> [Required action]:
Pull every line with "Mercedes" from the entries below.

Excerpted data: Begin

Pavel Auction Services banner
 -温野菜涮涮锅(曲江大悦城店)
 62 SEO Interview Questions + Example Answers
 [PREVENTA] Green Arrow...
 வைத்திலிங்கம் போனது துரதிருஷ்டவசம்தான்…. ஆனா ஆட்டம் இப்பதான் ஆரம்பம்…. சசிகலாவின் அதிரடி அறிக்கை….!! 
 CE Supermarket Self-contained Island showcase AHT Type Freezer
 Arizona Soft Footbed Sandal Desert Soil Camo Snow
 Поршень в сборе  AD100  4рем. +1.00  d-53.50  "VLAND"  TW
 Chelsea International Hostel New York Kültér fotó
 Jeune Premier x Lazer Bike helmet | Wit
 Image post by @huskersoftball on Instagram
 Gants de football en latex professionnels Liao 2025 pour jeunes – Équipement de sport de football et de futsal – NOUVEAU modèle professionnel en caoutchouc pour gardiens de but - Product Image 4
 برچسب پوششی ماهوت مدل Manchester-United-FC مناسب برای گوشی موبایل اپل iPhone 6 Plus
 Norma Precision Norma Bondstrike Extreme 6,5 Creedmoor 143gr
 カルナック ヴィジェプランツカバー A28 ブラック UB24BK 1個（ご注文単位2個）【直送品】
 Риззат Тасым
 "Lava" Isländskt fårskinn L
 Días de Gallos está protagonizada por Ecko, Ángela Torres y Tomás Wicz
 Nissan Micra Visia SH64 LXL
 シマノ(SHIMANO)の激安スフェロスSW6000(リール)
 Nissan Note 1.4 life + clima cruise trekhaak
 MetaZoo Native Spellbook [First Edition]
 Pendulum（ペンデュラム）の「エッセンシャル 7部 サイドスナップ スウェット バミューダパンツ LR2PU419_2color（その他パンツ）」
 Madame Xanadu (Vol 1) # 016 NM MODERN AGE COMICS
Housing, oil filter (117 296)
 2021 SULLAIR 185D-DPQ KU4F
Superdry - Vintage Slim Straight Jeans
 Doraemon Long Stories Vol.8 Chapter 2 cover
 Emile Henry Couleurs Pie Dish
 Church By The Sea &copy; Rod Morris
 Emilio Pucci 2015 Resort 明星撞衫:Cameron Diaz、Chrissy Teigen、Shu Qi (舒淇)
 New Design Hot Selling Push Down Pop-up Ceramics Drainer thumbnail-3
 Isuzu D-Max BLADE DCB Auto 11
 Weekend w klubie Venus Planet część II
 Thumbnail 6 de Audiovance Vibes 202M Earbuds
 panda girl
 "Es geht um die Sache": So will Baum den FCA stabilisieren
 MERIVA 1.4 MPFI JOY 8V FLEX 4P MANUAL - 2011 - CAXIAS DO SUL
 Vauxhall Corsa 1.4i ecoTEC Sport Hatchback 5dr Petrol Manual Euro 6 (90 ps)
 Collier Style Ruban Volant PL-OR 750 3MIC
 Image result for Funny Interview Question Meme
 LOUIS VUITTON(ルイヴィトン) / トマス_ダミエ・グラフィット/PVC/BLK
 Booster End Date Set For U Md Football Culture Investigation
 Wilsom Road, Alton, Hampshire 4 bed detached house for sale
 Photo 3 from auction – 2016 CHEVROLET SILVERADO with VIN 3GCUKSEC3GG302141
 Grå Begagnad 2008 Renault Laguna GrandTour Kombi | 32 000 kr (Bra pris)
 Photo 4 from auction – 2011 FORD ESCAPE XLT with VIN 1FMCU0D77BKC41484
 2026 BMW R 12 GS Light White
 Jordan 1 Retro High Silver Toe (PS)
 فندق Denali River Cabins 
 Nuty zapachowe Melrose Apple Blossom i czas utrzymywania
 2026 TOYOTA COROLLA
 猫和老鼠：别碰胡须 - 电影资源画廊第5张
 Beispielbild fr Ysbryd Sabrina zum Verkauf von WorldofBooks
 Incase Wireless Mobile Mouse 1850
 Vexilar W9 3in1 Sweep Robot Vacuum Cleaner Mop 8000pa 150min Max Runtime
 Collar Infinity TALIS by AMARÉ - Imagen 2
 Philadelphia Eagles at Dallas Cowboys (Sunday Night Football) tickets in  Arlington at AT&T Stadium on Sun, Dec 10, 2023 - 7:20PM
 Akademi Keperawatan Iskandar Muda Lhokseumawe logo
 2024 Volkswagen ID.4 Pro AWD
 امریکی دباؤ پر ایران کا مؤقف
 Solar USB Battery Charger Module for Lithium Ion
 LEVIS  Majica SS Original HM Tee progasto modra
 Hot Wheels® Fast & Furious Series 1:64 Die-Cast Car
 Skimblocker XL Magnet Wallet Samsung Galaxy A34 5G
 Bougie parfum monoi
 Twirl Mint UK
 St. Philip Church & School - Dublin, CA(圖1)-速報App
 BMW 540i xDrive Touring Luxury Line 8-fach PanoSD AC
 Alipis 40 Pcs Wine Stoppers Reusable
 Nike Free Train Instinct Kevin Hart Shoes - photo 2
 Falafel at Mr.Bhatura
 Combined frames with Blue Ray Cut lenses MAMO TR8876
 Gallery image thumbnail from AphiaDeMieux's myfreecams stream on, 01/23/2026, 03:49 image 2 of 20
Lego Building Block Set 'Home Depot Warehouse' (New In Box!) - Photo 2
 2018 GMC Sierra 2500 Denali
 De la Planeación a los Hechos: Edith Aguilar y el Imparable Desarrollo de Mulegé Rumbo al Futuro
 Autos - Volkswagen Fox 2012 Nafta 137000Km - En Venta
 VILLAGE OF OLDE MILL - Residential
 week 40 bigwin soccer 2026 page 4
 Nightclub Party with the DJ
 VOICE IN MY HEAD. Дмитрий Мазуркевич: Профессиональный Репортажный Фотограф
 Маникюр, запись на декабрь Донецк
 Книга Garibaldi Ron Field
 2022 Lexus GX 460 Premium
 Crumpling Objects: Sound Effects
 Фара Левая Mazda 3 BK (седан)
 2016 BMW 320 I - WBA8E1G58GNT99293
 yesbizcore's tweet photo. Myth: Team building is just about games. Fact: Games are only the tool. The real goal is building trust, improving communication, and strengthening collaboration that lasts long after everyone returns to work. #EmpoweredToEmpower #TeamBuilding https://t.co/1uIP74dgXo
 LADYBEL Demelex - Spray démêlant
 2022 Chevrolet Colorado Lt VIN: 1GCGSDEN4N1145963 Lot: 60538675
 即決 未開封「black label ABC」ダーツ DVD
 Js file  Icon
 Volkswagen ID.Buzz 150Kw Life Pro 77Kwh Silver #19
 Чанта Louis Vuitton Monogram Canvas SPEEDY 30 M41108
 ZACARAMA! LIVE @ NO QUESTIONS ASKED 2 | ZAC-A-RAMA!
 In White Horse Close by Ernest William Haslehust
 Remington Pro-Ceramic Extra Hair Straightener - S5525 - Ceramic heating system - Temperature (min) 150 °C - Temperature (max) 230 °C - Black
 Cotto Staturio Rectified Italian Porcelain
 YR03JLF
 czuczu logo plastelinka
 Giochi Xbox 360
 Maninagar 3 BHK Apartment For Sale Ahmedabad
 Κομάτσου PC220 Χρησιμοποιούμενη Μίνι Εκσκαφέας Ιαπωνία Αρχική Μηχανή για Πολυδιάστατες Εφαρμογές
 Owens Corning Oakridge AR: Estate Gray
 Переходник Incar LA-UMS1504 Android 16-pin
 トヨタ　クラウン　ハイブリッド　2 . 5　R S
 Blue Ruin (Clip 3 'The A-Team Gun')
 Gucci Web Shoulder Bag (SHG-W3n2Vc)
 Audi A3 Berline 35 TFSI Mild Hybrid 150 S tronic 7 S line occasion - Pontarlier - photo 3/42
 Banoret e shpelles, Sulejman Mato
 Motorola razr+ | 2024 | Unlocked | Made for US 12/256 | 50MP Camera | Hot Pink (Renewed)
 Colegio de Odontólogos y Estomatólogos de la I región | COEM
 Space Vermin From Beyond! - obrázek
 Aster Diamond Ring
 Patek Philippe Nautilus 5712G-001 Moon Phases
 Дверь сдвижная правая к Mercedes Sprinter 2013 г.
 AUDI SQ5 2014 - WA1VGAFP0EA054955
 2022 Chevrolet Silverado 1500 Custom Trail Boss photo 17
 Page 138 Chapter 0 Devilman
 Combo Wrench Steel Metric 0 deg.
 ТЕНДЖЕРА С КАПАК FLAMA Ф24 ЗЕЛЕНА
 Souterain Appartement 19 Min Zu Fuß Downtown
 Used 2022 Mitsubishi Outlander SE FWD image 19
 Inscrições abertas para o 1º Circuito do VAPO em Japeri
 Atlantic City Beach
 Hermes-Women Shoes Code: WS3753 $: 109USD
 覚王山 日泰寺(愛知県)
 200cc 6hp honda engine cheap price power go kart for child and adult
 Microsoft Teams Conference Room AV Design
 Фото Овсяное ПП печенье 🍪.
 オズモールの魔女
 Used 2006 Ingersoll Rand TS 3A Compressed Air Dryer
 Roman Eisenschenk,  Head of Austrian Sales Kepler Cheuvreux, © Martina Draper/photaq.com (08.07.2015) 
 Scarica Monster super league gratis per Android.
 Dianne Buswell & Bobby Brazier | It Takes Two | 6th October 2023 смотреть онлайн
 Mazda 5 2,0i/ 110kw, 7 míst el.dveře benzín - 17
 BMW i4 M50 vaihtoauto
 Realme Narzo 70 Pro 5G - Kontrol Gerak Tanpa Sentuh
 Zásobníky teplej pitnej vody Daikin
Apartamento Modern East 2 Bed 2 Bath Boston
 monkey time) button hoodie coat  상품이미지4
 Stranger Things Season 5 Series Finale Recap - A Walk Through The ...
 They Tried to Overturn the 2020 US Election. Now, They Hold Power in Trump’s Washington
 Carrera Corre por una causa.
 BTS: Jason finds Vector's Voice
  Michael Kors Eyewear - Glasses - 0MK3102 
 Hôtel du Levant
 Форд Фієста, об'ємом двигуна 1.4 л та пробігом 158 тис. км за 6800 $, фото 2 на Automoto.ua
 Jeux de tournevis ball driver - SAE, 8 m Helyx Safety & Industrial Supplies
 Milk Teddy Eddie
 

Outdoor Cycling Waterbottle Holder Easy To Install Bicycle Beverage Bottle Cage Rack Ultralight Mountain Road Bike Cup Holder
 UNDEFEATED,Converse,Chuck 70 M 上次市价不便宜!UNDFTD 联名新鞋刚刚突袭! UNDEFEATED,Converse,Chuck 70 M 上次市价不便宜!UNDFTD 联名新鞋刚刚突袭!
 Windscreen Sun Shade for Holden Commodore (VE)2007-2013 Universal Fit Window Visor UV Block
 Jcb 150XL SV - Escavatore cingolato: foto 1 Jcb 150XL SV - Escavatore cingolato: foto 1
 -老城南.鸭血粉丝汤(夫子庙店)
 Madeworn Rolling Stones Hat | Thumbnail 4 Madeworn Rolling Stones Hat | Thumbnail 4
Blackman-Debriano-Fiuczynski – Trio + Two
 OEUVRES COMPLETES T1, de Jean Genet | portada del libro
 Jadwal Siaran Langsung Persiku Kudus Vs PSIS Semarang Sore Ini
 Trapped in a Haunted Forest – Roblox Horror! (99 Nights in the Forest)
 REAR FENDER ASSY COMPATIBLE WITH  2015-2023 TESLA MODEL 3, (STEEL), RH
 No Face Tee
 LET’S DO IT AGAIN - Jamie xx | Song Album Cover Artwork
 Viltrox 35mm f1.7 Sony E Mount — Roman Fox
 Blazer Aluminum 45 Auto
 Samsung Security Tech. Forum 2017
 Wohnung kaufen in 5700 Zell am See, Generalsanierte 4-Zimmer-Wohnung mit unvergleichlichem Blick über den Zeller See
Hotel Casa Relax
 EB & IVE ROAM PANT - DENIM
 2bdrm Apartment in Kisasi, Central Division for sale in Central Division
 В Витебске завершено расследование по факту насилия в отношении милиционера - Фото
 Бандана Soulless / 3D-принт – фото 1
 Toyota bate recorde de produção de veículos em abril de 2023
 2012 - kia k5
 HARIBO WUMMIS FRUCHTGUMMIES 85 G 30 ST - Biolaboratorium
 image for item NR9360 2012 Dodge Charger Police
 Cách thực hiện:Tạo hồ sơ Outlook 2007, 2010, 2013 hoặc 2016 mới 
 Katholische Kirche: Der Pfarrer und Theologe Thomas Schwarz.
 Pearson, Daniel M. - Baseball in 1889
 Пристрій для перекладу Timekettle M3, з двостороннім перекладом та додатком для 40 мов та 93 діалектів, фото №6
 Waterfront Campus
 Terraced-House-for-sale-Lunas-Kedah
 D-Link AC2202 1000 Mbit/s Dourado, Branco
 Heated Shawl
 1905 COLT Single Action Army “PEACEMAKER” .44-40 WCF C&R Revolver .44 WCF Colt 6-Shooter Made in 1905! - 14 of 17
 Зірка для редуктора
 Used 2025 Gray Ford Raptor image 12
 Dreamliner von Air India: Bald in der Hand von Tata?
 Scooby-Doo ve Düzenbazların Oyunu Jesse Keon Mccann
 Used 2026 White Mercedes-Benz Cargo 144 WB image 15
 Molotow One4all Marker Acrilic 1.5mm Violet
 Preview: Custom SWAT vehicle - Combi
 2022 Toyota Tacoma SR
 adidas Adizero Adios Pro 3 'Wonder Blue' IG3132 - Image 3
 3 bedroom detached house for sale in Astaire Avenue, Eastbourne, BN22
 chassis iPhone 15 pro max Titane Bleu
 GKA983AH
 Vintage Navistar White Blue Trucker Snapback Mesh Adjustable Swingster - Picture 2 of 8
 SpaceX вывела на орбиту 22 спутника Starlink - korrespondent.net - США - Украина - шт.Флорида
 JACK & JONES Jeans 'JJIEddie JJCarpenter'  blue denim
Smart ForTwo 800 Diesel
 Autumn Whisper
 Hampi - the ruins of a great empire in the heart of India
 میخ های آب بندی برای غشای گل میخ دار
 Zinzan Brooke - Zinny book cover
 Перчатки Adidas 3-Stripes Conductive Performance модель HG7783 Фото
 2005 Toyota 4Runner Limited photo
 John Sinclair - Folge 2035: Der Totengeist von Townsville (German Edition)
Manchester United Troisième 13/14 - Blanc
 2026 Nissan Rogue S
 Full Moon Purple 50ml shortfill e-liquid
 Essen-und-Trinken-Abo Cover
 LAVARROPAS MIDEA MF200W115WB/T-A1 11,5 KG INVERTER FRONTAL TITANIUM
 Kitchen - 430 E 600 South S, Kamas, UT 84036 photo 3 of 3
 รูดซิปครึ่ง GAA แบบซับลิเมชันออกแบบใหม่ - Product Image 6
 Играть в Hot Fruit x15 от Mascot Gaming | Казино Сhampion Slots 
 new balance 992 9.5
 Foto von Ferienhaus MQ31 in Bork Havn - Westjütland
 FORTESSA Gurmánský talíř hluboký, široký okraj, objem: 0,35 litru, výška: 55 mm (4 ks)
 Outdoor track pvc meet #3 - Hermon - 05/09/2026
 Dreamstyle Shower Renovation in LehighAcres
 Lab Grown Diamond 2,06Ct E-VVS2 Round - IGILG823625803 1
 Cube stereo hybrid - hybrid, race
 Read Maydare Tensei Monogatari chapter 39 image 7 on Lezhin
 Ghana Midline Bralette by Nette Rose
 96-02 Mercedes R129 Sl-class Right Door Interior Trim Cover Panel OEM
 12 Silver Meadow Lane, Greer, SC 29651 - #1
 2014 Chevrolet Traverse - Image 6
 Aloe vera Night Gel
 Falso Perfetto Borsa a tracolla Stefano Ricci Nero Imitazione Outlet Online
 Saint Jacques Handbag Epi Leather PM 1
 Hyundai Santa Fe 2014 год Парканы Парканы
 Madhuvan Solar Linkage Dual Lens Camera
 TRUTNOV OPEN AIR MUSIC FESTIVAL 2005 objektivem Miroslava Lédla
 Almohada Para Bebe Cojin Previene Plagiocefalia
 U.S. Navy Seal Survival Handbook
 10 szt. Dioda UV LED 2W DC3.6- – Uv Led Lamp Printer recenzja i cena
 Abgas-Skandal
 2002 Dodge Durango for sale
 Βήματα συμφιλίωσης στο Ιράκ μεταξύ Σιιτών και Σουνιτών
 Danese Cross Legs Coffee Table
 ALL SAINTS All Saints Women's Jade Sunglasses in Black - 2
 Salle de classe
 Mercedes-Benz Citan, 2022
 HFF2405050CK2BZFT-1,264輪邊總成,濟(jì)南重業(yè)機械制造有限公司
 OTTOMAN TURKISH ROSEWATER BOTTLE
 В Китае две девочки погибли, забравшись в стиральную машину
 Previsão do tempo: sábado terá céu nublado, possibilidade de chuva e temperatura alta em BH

Excerpted data: End

> [Your solution]:
 Дверь сдвижная правая к Mercedes Sprinter 2013 г.
 Used 2026 White Mercedes-Benz Cargo 144 WB image 15
 96-02 Mercedes R129 Sl-class Right Door Interior Trim Cover Panel OEM
 Mercedes-Benz Citan, 2022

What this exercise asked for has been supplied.